No more. A surprising number of American bankers are now winning a reputation for bad loans, poor decisions and weak management. In the past six months, 22 banks have failed, and last week two major U.S. banks announced large second-quarter losses. It was the first time since World War II that one of the top ten American banks had suffered a three-month loss. New York's Chase Manhattan reported that it lost $16.1 million between April and June, while the figure for Chicago's Continental Illinois was $60.9 million during the same period.
The U.S. banking industry is by far the safest and soundest in the world. Deposits in the more than 14,000 institutions belonging to the Federal Deposit Insurance Corporation are guaranteed by the Government for up to $100,000 for each account. Since the FDIC program was established in 1934, 578 member banks have gone out of business for one reason or another, but no depositor has ever lost a penny in an insured account.
Even so, people are growing edgy about whether their deposits are still as safe as money in the bank. In recent months, newspaper reports of financial strains on local banks and savings and loan associations have brought crowds of agitated depositors into bank lobbies to withdraw their funds from cash-squeezed institutions in Miami, Hartford, Conn,, Abilene, Texas, and a number of other towns and cities. A recent survey by Burke Marketing Research Inc. of Cincinnati showed that nearly 90% of Americans questioned now have some concern about the stability of U.S. financial institutions. Only about 10% feel any real confidence in the present banking climate.

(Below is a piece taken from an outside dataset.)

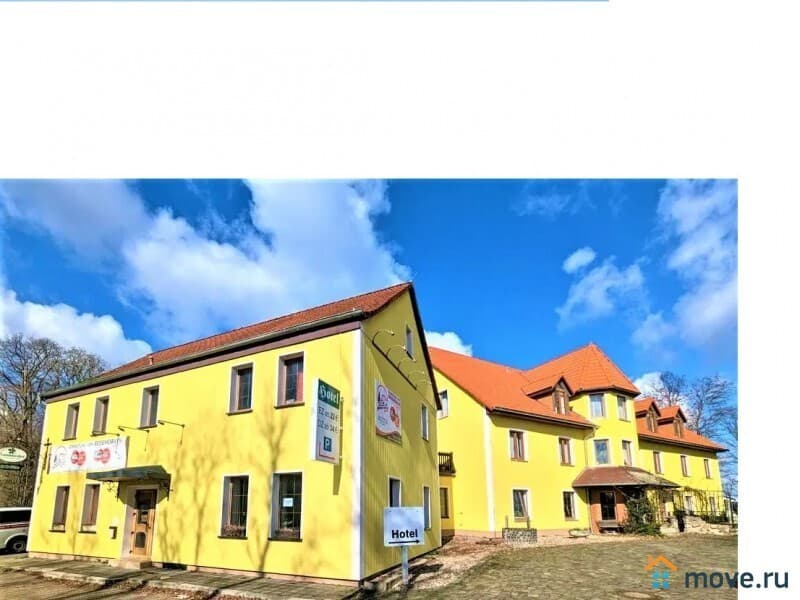гостиница, 1350 м²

Figures released by the FDIC last week give grounds for worry. Since January the agency's problem list of state and national banks with significant financial difficulties has increased from 223 to 268, the largest number since the aftermath of the 1973-75 recession.
On Wall Street, investor jitters have sent the industry into a slide, dropping share prices of a number of big money-center banks, including Chase Manhattan and Chemical Bank, to an average of only four times earnings. That is roughly the price-earnings ratio of the severely depressed oil drilling industry.
The woes of banks have largely been caused by the combination of high interest rates and an economy that shows little sign of recovering from almost three years of stagnation. Last week the Commerce Department reported that the U.S. gross national product grew during the second quarter at an inflation-adjusted annual rate of 1.7%. Yet at the same time, the Government also sharply scaled back an earlier GNP estimate for the first quarter, reporting that the economy actually sank 5.1% on an annual basis during the January-to-March period instead of the initially estimated 3.7%. Moreover, the Bureau of Labor Statistics last week announced that consumer prices rose during June at a compound annual rate of 13.3% for the second month in a row.